I had some time this morning and got fed up with it. Every little piece of help is more than welcome, and here is where Python comes to the rescue.

The solution:

There are dozens of ways to do this, but I ended up coding a quick hack to help me sort things out.
It just compares the names of files and directories, and estimates the similarities. Anything above a 50% match is usually correctly estimated.

#!/usr/bin/env python
# -*- coding: utf-8 -*-

# (C) 2010, Taher Shihadeh
# Licensed: GPL v2

"""
The script works based only on names of files and directories in a
non-recursive manner.

It takes a path as parameter and tries to determine if the names of
the contents look alike.

It removes separator characters, numbers and file extensions prior to
the comparison.
"""

import os
import sys
import string
from operator import itemgetter

FAST = False # Change this to skip file-to-file comparisons
SEP  = '_-+~.·:;·()[]¡!¿?<>'

def main (path):
    lst1    = os.listdir (path)
    lst2    = lst1
    len_lst = len(lst1)
    count   = 0.0
    results = []

    for x in lst1:
        for y in lst2:
            if x==y:
                continue
            x_dir = os.path.isdir(x)
            y_dir = os.path.isdir(y)

            if FAST and not (x_dir or y_dir):
                continue

            result = {'A': (x, x_dir), 'B': (y, y_dir)}

            str1, str2 = x, y
            if not x_dir:
                str1,_ = os.path.splitext (x)
            if not y_dir:
                str2,_ = os.path.splitext (y)
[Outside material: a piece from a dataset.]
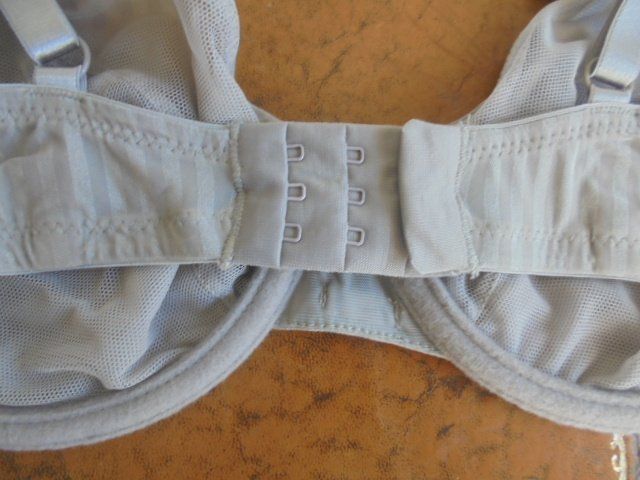 H&M Altra biancheria intima: BH Gr. 85C, H&M hellgrau, NEU – Nuovo (secondo la descrizione) da Hinwil venduto da Glasperlen 4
            result['factor'] = compare (str1,str2)
            results.append(result)

        lst2.remove(x)
        count += 1
        print >> sys.stderr, '%.2f%% done' %((count / len_lst)*200)

    show(results)

def split (str1):
    trans = string.maketrans(SEP, ' '*len(SEP))
    return str1.translate(trans).split()

def clean (lst):
    assert type(lst) == list
    return filter(lambda x: not x.isdigit(), lst)

def compare (str1, str2):
    """Return similarity factor as percentage"""
    aux1 = clean (split (str1.lower()))
    aux2 = clean (split (str2.lower()))

    set_or  = set(aux1) | set(aux2)
    set_and = set(aux1) & set(aux2)

    return (float(len(set_and)) / float(len(set_or)))*100

def show (results):
    """Show most similar last"""
    for x in sorted(results, key=itemgetter('factor')):
        a,b = x['A'],x['B']
        if not b[1] and a[1]:
            a,b = b,a
        print '%.2f \t %s \t --> %s' %(x['factor'], a[0], b[0])

if __name__=='__main__':
    try:
        path = sys.argv[1]
    except IndexError:
        path = os.getcwd()

    main (path)

I don’t think any one is going to use it, but what the hell. It’s a big Internet ;-)

Marketing budgets

This entry is by no means technical, but it shows perfectly the vast difference in budget available to two very well known companies: Google and Opera.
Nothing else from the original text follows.